Die narratorische Apotheke und der Sinn des Lebens - raffiniert und interessant
Das Haus der GeschichtenDieser damalige Debütroman nimmt einen auf eine raffinierte und gleichzeitig interessante Entdeckungsreise mit, auf der man durch viele völlig verschiedene Kurzgeschichten in einer Rahmengeschichte den ...
Dieser damalige Debütroman nimmt einen auf eine raffinierte und gleichzeitig interessante Entdeckungsreise mit, auf der man durch viele völlig verschiedene Kurzgeschichten in einer Rahmengeschichte den Fragen des Lebens auf den Grund geht.

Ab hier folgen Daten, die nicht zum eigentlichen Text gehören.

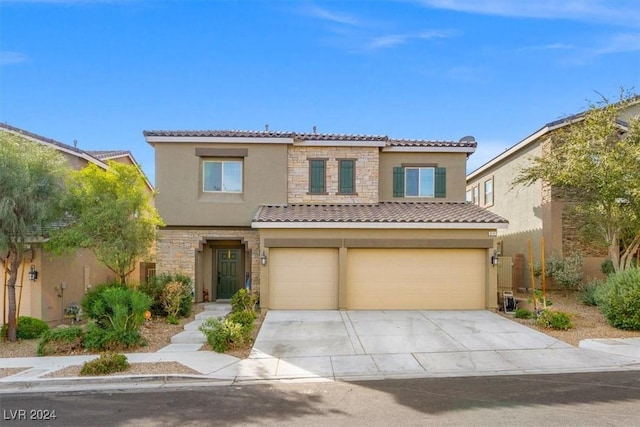 mediterranean / spanish-style home featuring a garage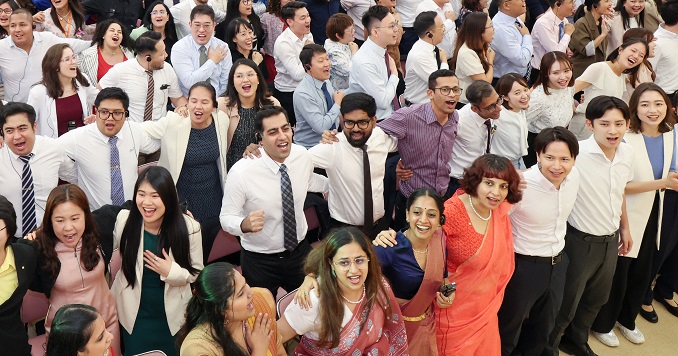 Young people singing together, standing arm in arm in a large hall.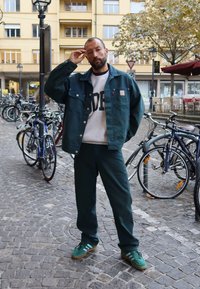 Zöld dzseki szürke pulóver felett, melyen "DEEP" felirat található, zöld nadrággal és zöld sportcipőkkel párosítva. Köves utca és kerékpárok a háttérben.
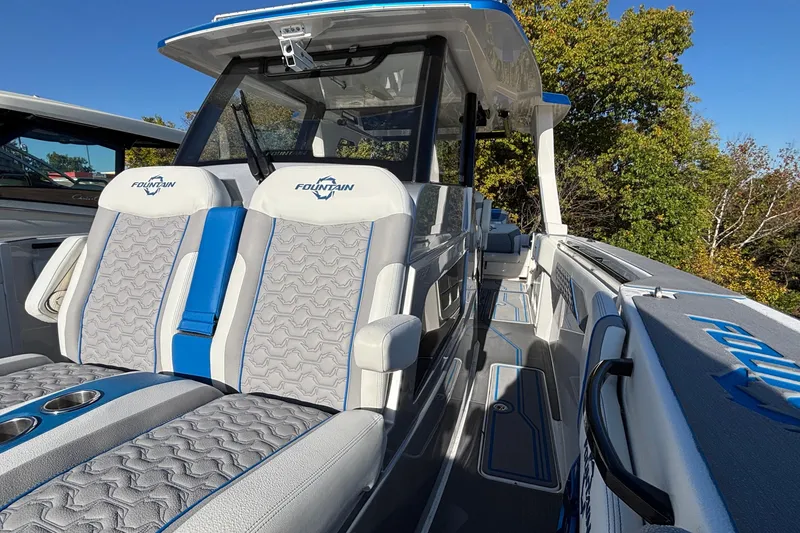 Slide: The Image of 2024 Fountain 38 SCX boat interior with stylish seating and modern design. - 16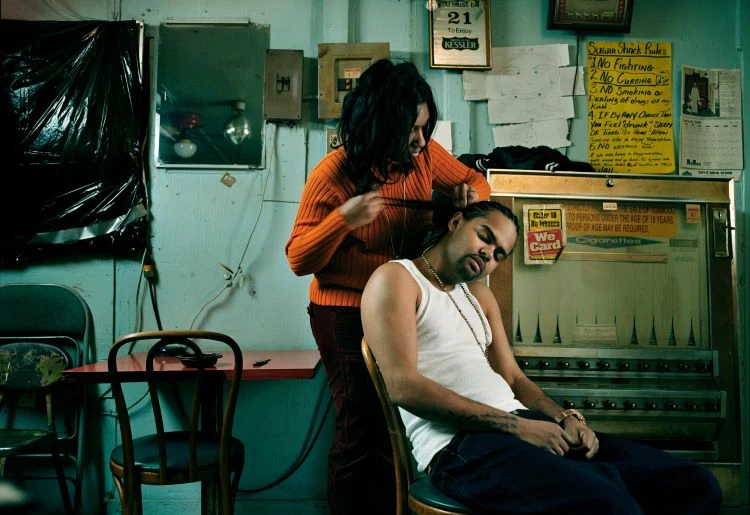 Woman braids another man's hair inside a room featuring chairs, tables, and wall decorations, illuminated by ambient lighting.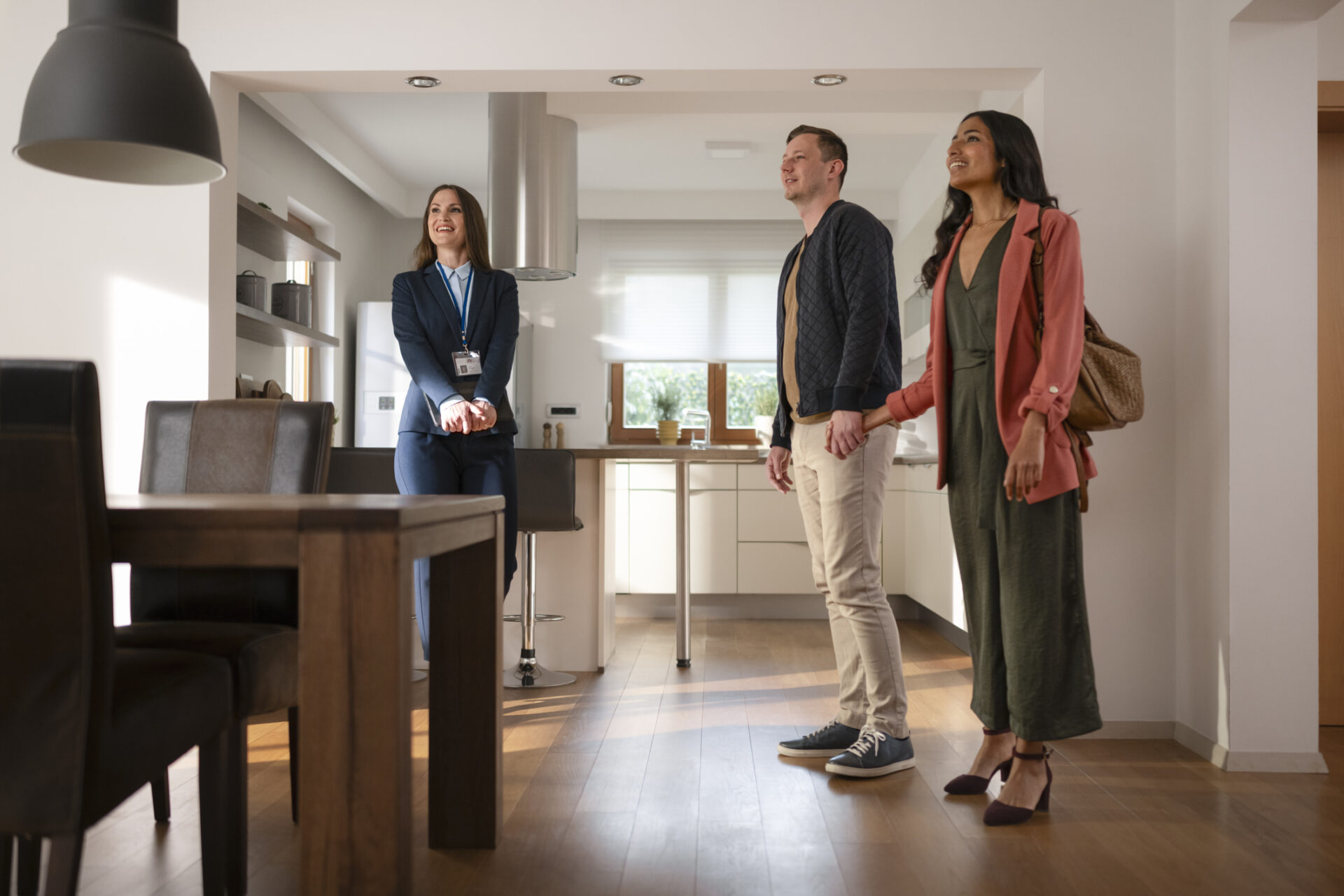 Real estate agent showing house to couple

Inhalt: Der junge Marvin Heider, erhält eine Aushilfsstelle bei dem alten Buchhändler Rasmus-Salomo Eichdorff. Dieser Buchladen ist so völlig anders als erwartet, denn in den Kellerräumen gibt es ein umfangreiches Antiquariat und eine narratorische Apotheke. Hier werden viele verschiedene Geschichten gesammelt, die je nach Bedarf der Kunden und ihrer Lebenssituation hervorgeholt und vorgelesen werden.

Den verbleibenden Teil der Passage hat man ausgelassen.